To mark the biological birthday of Augustine, the project "After Augustine. A Survey of His Reception from 430 to 2000" will host a one-day Postgraduate Conference, Augustine and His Readers, in the School of Classics on November 13, 2006, sponsored by the Leverhulme Trust.
 
The organizers are Professor Karla Pollmann, Carmen Cvetkovic, and Jochen Schultheiss.

Link to Programme  
 
EVERYBODY WELCOME
 

James Wilson Seminar

The first James Wilson seminar on constitutionalism, 'One, few, many:  ancient Greek thinking about constitutions', will take place on Thursday 4 May at 5.00 pm in Swallowgate 12. (Please note change of room).


The speaker will be Dr Roger Brock of the University of Leeds.  Dr Brock is author of a number of articles on Greek history and literature, and co-editor of Alternatives to Athens (2000), which offers a cogent, wide-ranging introduction to the scope and scale of political expression in the ancient Greek world. His particular interests lie in Greek history and historiography, and he is currently working on a research project on the Athenian Tribute Lists and completing a book on political imagery in Greek literature.


This seminar is open to all staff and students.

Highers Conference

The school, together with the Tayside Classical Association hosted the annual Schools Highers Conference on 15 th March, attended by over 100 pupils and staff from eleven schools (three state schools and eight private).

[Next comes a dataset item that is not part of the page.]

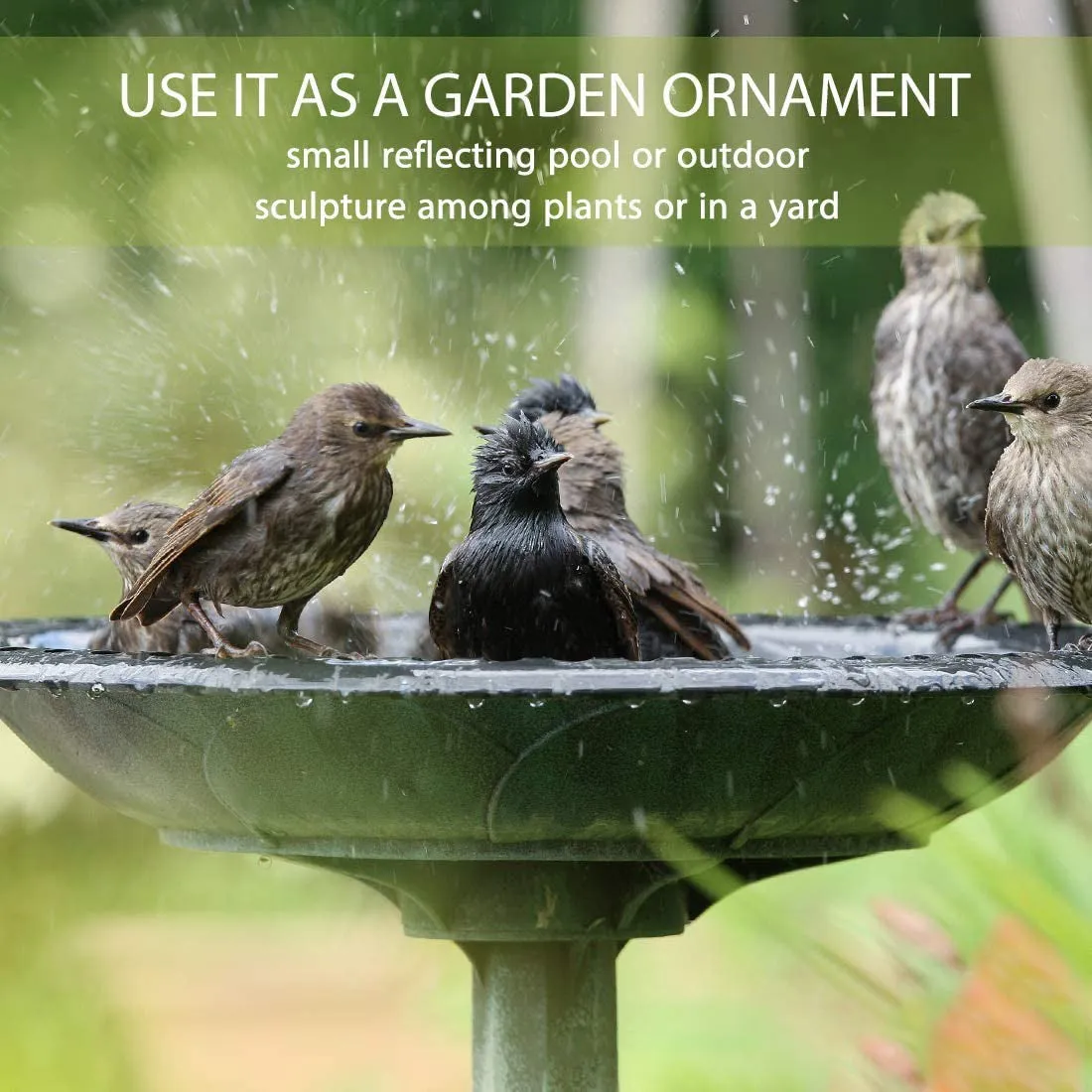 Outdoor Traditional Resin Garden Bird Bath-Green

Very suitably for the Ides of March, it began with the talk “Does killing Caesar ever work?” and was followed by lectures on divination, the Æneid, gender conflict in tragedy, Cicero & court-room practice, and the archaeology of 5th century Athens.

Programme of events.

New Lecturer in Latin

Dr. Emma Buckley will be joining the School in September 2006 to take up a Lectureship in Latin and Classical Studies. Emma has just completed a Cambridge doctorate on the Flavian epicist Valerius Flaccus, whose poem on the voyage of the Argo draws on a mass of Greek and Latin predecessors. She has also written on the Renaissance poet Maffeo Vegio (who wrote a mini-sequel to the Aeneid) and on Seneca's Medea.

STAGE day

This semester's STAGE day, organised for and by postgraduates in Classics Schools in St Andrews, Glasgow and Edinburgh will be held in St Andrews on Wednesday March 22nd. See programme and registration form.

New Reader in Latin

From September 2006, Dr Roger Rees will be joining us a Reader in Latin. Dr Rees is an expert on the literature and history of Latin Antiquity, and has a published a study on Latin panegyric, on Vergil in Latin antiquity and on the reign of Diocletian. He also recently organised a conference on Ted Hughes and the classics.

New Scholarships in Arts and Divinity

Three of the new PhD Scholarships offered by the University are tenable within the School of Classics. Each is worth the equivalent of the Home Fee (currently £3,085) for three years. See details and application forms.

New e-journals

The University Library has recently purchased access to 375 new e-journals.

Access

Links to the individual e-journals will be added to SAULCAT shortly.